# Data extract
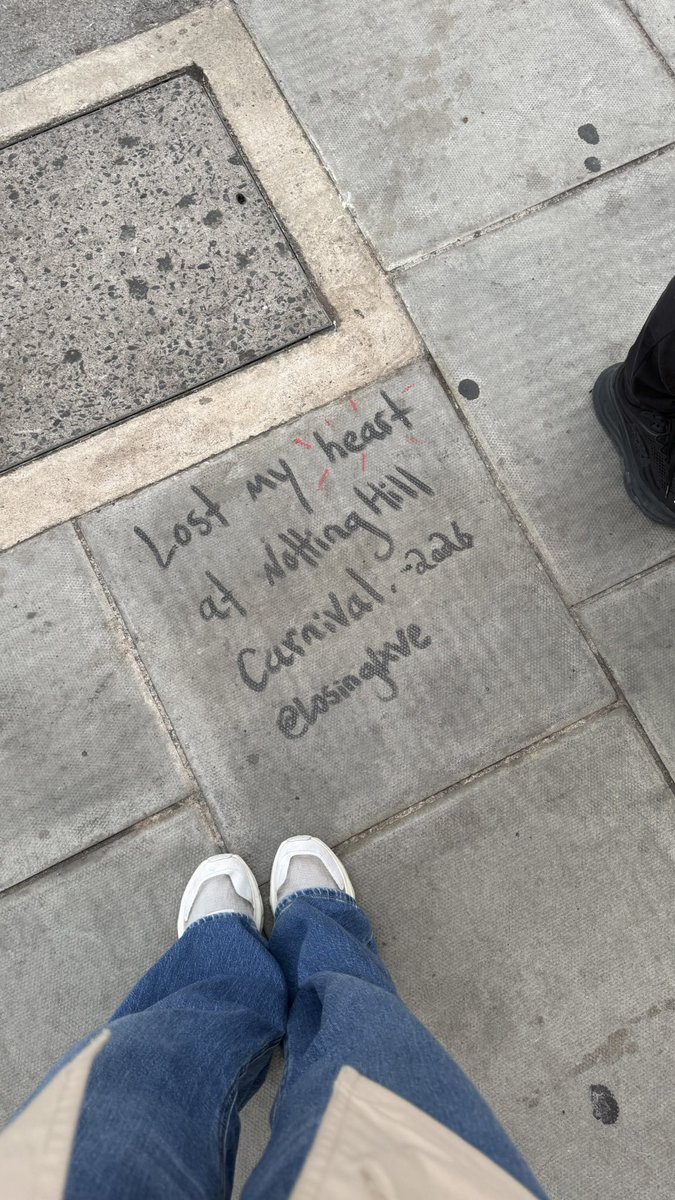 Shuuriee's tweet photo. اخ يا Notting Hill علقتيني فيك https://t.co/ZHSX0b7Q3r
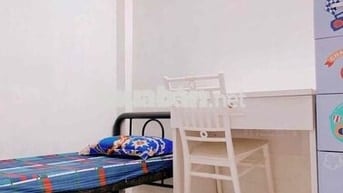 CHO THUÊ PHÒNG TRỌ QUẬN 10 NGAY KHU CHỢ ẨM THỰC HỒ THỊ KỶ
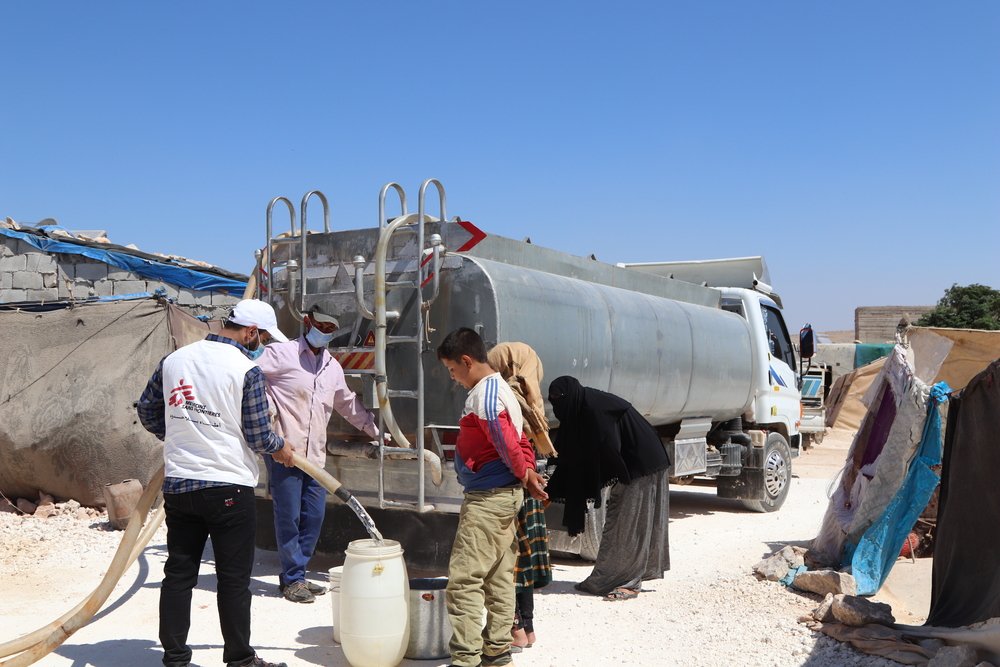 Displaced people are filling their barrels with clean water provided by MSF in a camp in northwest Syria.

# How to complete this task
Copy out the lines exactly as written, beginning with the one that contains "CHO THUÊ PHÒNG" and ending with the last line of the material; do not include pictures.

# Reply to the exercise
 CHO THUÊ PHÒNG TRỌ QUẬN 10 NGAY KHU CHỢ ẨM THỰC HỒ THỊ KỶ
 Displaced people are filling their barrels with clean water provided by MSF in a camp in northwest Syria.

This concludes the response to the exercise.